Transcribe the line holding "Full Length Body" together with every line after it, through the end of the records, exactly and with no pictures.

Brief descriptive captions
----------

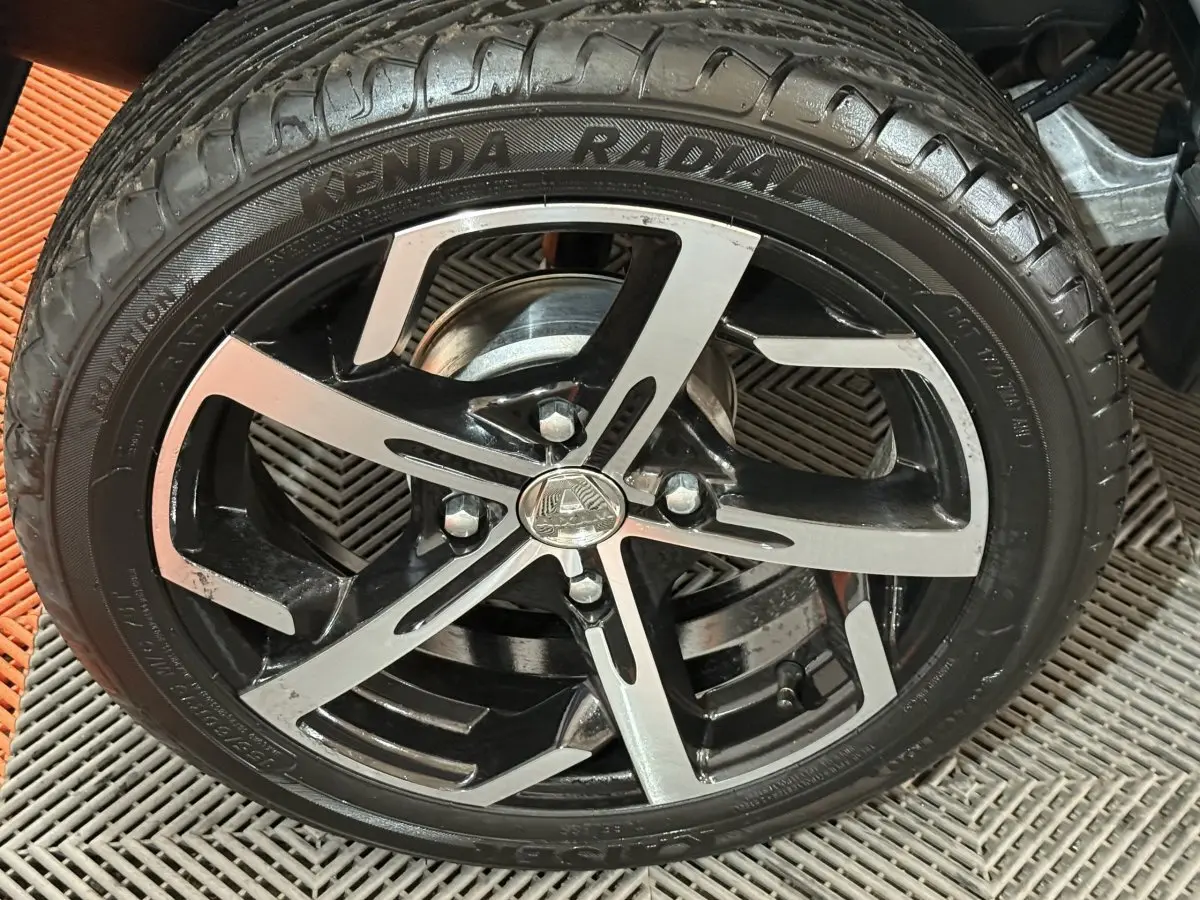 Gros plan sur la roue avant droite de l'AIXAM AMBITION 0.5 CROSSOVER PREMIUM gris foncé avec jante noire et argent.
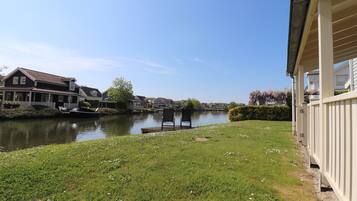 A riverside view with a grassy area, a chair, and a building with a balcony.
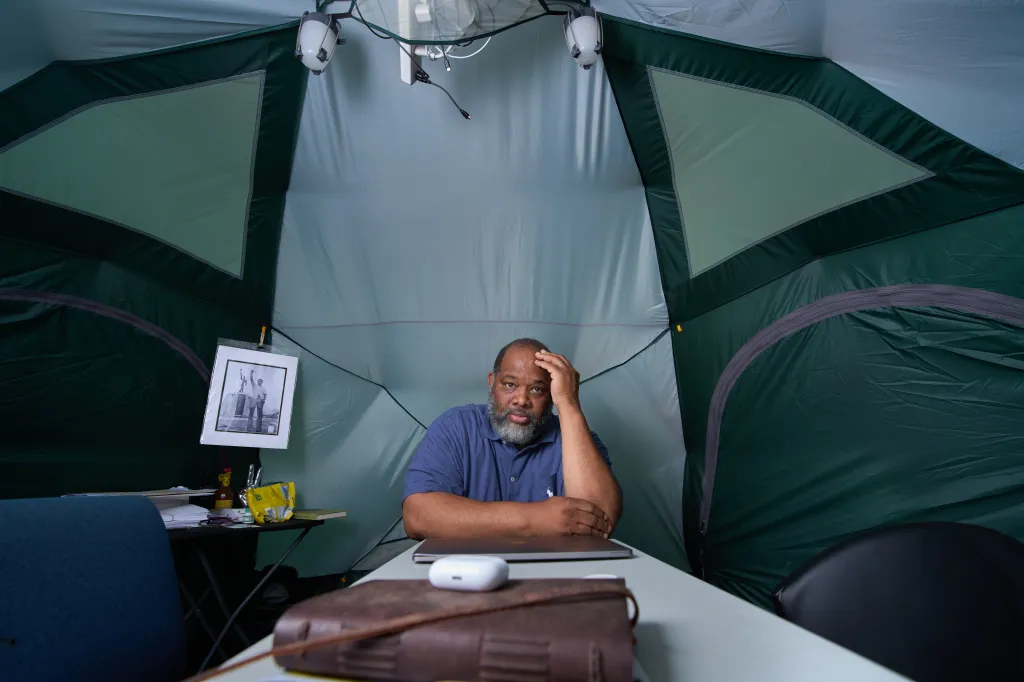 To raise awareness about the crisis in gun violence, drug and sex trafficking in his Woodlawn community, in 2011 Chicago Pastor Corey B. Brooks camped out for 94 days on the roof of a motel considered to be a source of neighborhood problems.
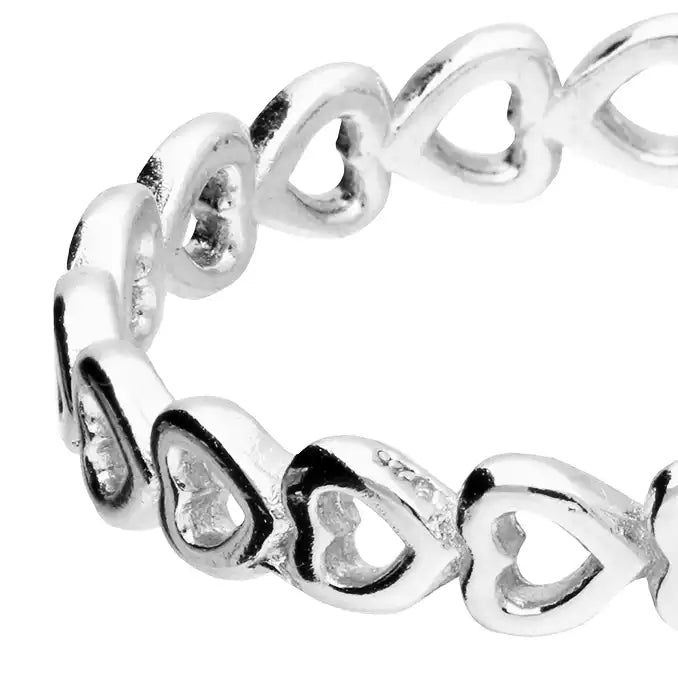Silver ring with heart designs on a white background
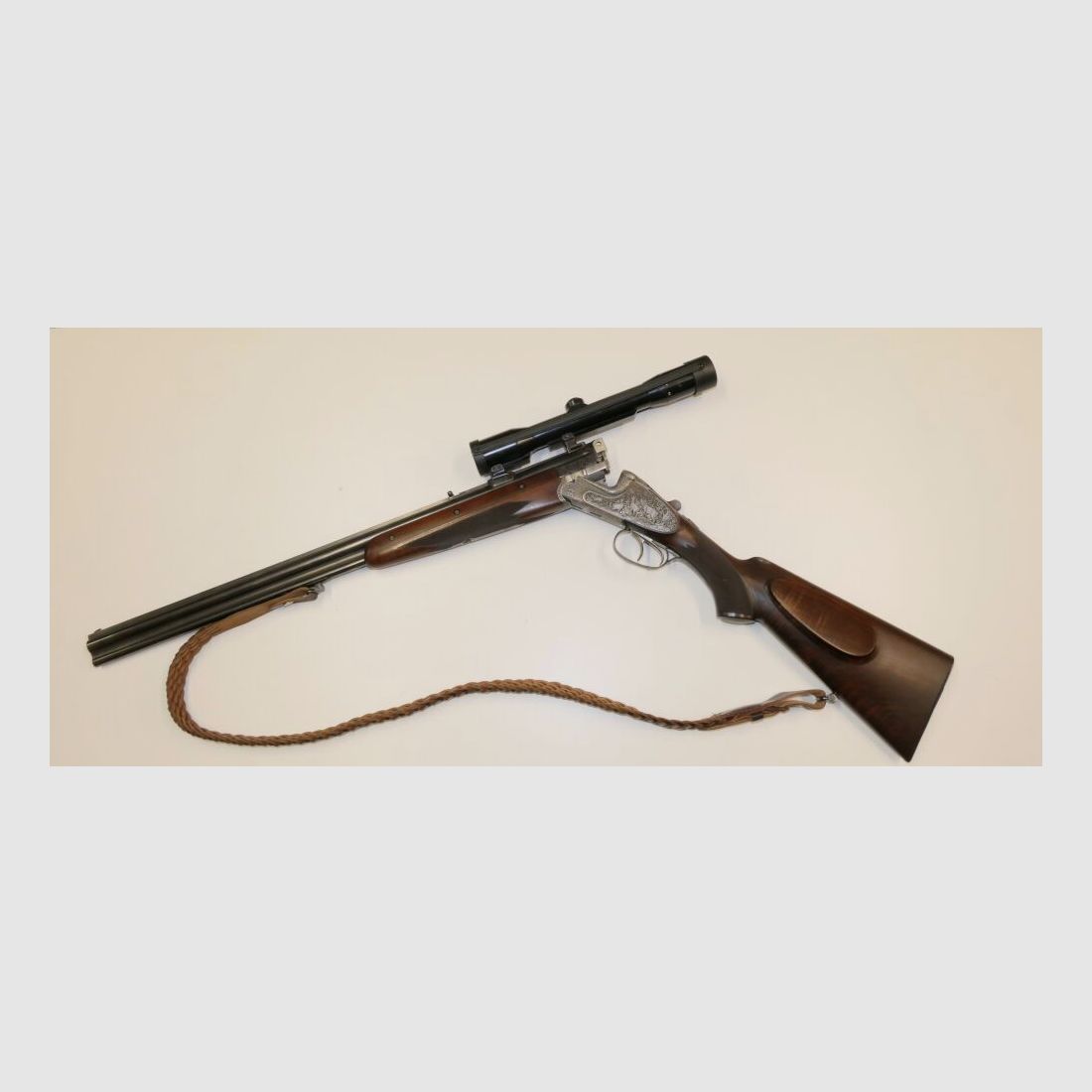 Merkel E313 mit jagdlichen Tiergravuren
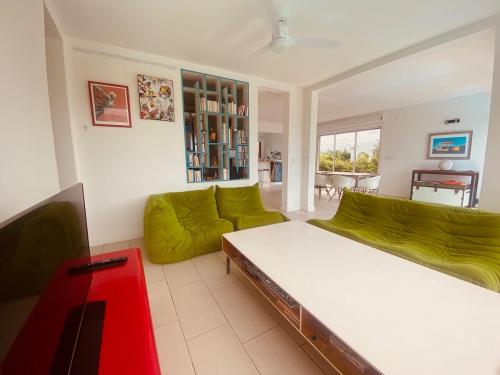 a living room with a bed and a green couch at Villa design et piscine Le Gosier in Le Gosier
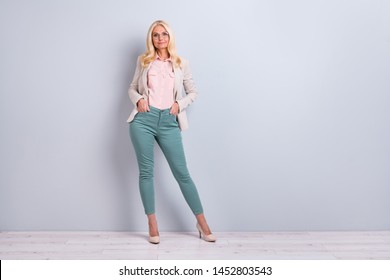 Full Length Body Size View Portrait Of Her She Nice Attractive Pretty Charming Stylish Content Cheerful Cheery Gray-haired Lady Holding Hands In Pockets Over Light White Gray Background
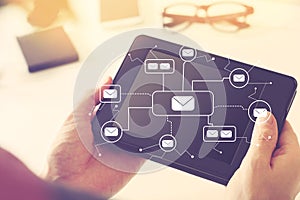 Emails with person holding tablet computer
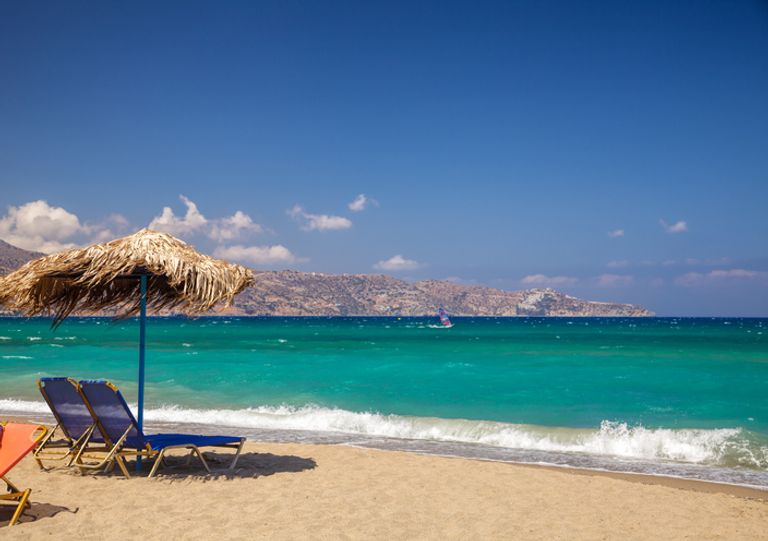 Sunloungers And Parasol On A Beach near Heraklion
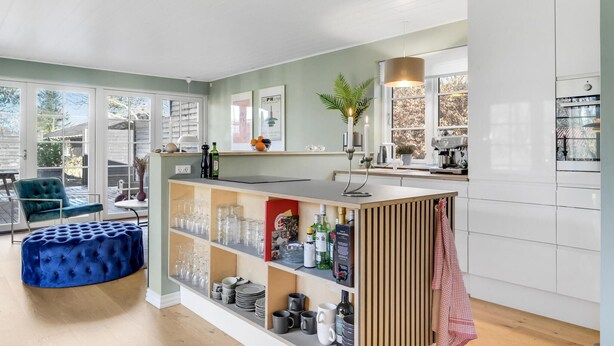 A modern kitchen with a central island, open shelving with glassware, and a seating area with a blue ottoman. - 4 bedroom lovely home in Vejby (Vejby)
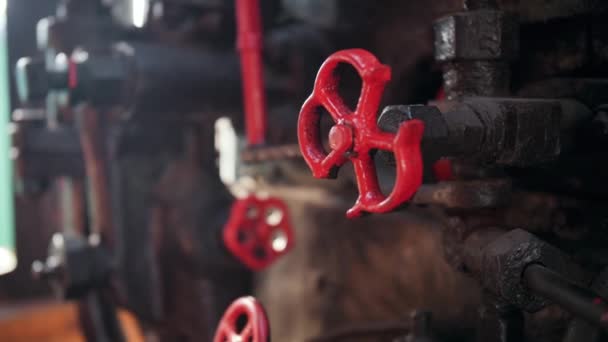4k closeup video of old valves and pipes painted in red in steam locomotive — ストック動画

----------

■ EXPECTED OUTPUT ■
 Full Length Body Size View Portrait Of Her She Nice Attractive Pretty Charming Stylish Content Cheerful Cheery Gray-haired Lady Holding Hands In Pockets Over Light White Gray Background
 Emails with person holding tablet computer
 Sunloungers And Parasol On A Beach near Heraklion
 A modern kitchen with a central island, open shelving with glassware, and a seating area with a blue ottoman. - 4 bedroom lovely home in Vejby (Vejby)
4k closeup video of old valves and pipes painted in red in steam locomotive — ストック動画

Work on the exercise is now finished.